今があって未来は生まれる2010/03/01 00:50

前市長が病に倒れ、辞表を提出しての市長選、5人の候補者で激戦となりましたが、私も支持した佐渡市長が新市長に決定しました。やはり政策面で非常にしっかりしていたのと、前市長が始めた改革路線をそのまま引き継ぎ、さらに良い方向に進めていくという部分も大きかったと思います。

さて、地元の事情はそこに住む人でないとわかりませんが、今回の市長選ではいろいろ感じることがありました。

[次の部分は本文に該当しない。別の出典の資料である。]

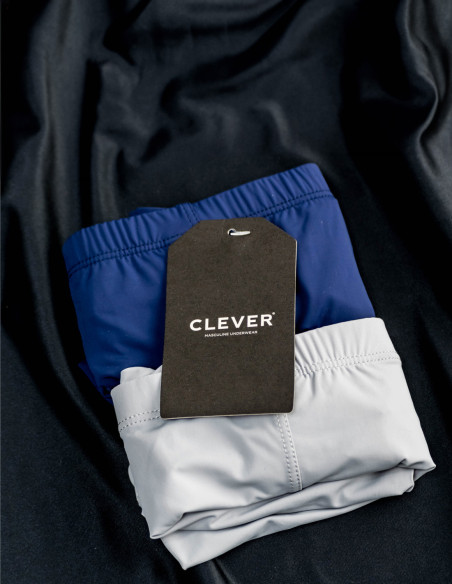 Duo Pack Micro Boxer - Clever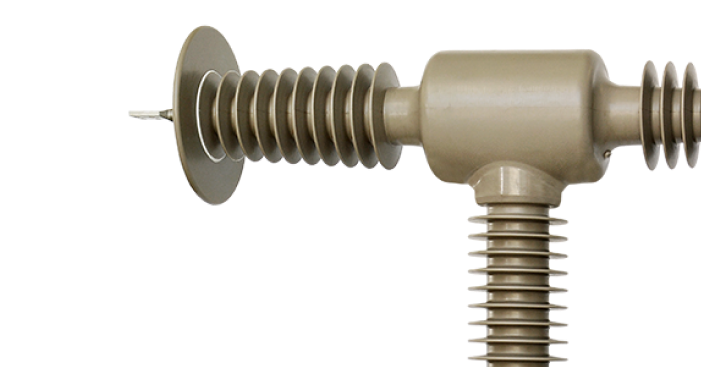 трансформатор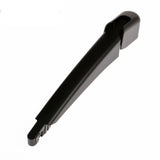 Braccio tergicristallo posteriore originale FORD Focus Kombi MK3 1786301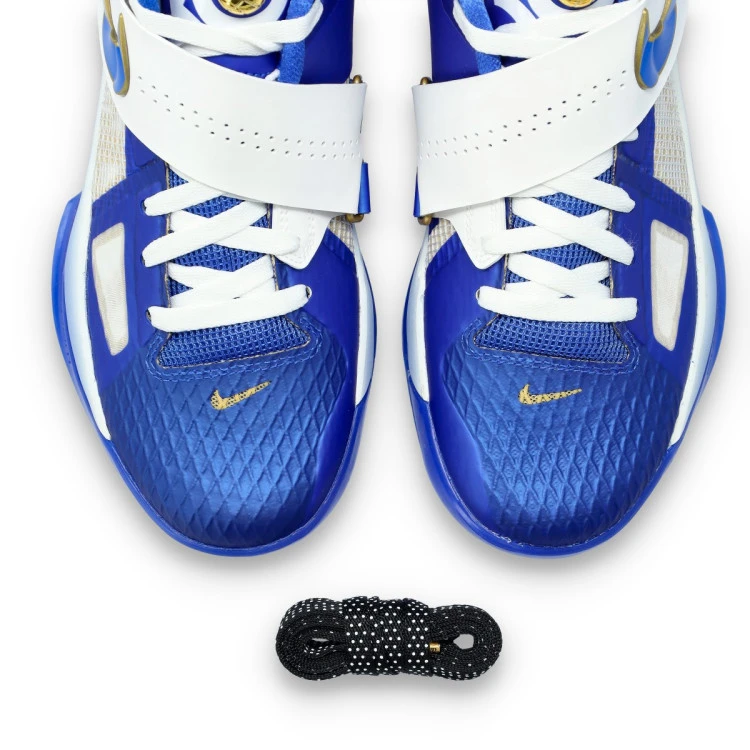 zapatillas-nike-zoom-kd-4-the-real-mvp-hyper-royal-summit-white-metallic-gold-8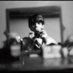 【公式】ポール・マッカートニー写真展 1963-64〜Eyes of the Storm〜 (@eotsjapan) Twitter profile photo 【公式】ポール・マッカートニー写真展 1963-64〜Eyes of the Storm〜 (@eotsjapan) Twitter profile photo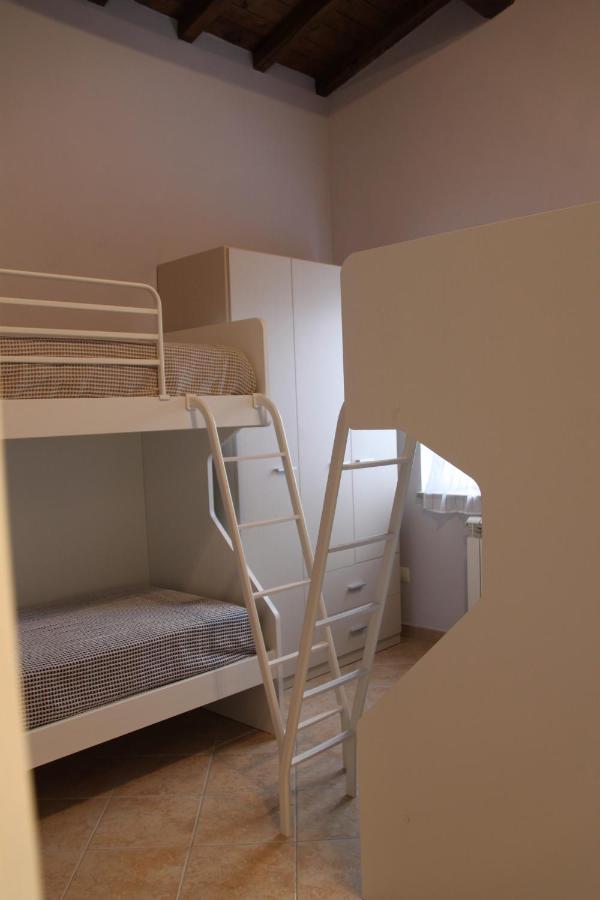 La Casa Del Fico Con Piscina Holiday home Pescia Romana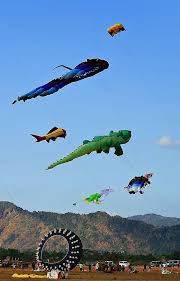 Image result for Atmosphere Kites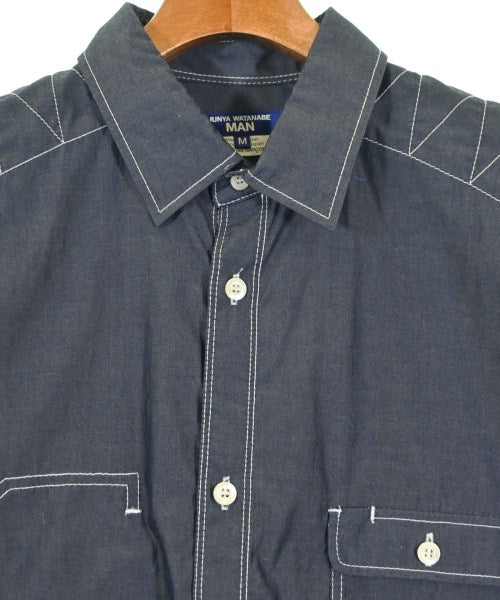 JUNYA WATANABE MAN 休閒襯衫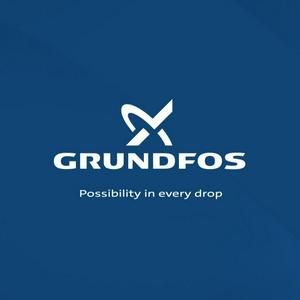 Bolsa de trabajo BOMBAS GRUNDFOS DE MEXICO MANUFACTURING SA de CV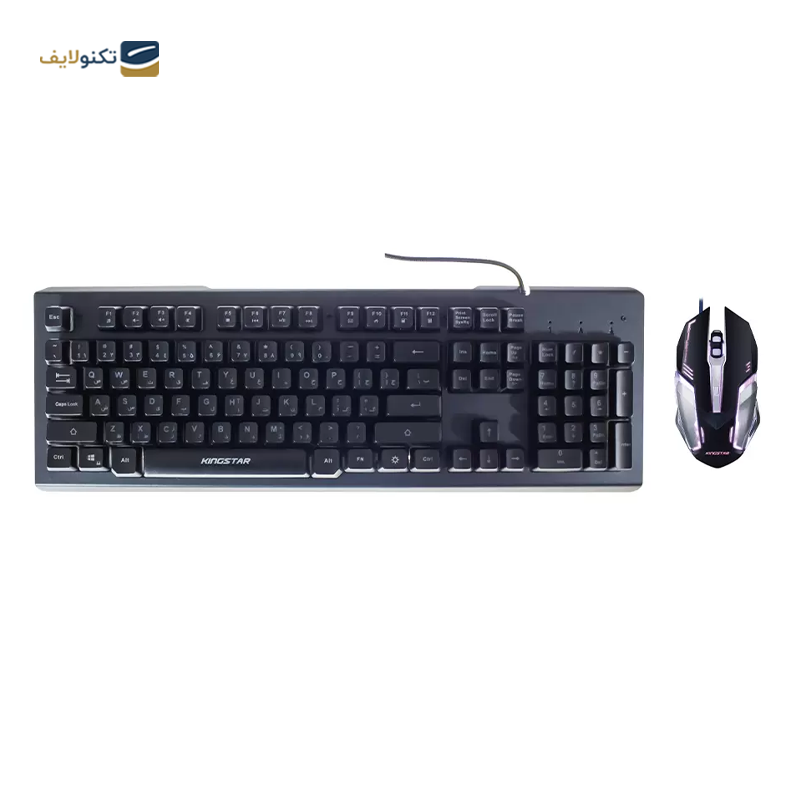 gallery-موس و کیبورد کینگ استار مخصوص بازی مدل KBM285G-gallery-0-TLP-39271_f3abd136-eb89-4f40-9024-1efc0d42f453.png gallery-موس و کیبورد کینگ استار مخصوص بازی مدل KBM285G-gallery-0-TLP-39271_f3abd136-eb89-4f40-9024-1efc0d42f453.png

新市長の掲げていたことは、広い面で通じる言葉に言い換えると、今あるものを大切にし、充実させ、そこから生まれてくる新しいものを大切にしようという考えです。 そのような考え方は、きっと多くの人の生き方にも共通するものがあるでしょう。私は、まさにそれによって生きているようなものです。私の昔話をちょっとしましょう。興味ある人だけ見てください。

私は病で、体の自由がききません。なので、定職もなければ日常生活でも多くの難儀を抱えています。昔からこうではありませんでした。今の病気になる前は、大学院博士課程前期で基礎研究を積み、博士課程後期で研究が一定段階まで進んだら、教授と共に起業するか研究所を設置して、世界のデジタル化された文化遺産を多くの研究者が自由に使え、共に研究し、発表できる情報基盤を作っていく予定でした。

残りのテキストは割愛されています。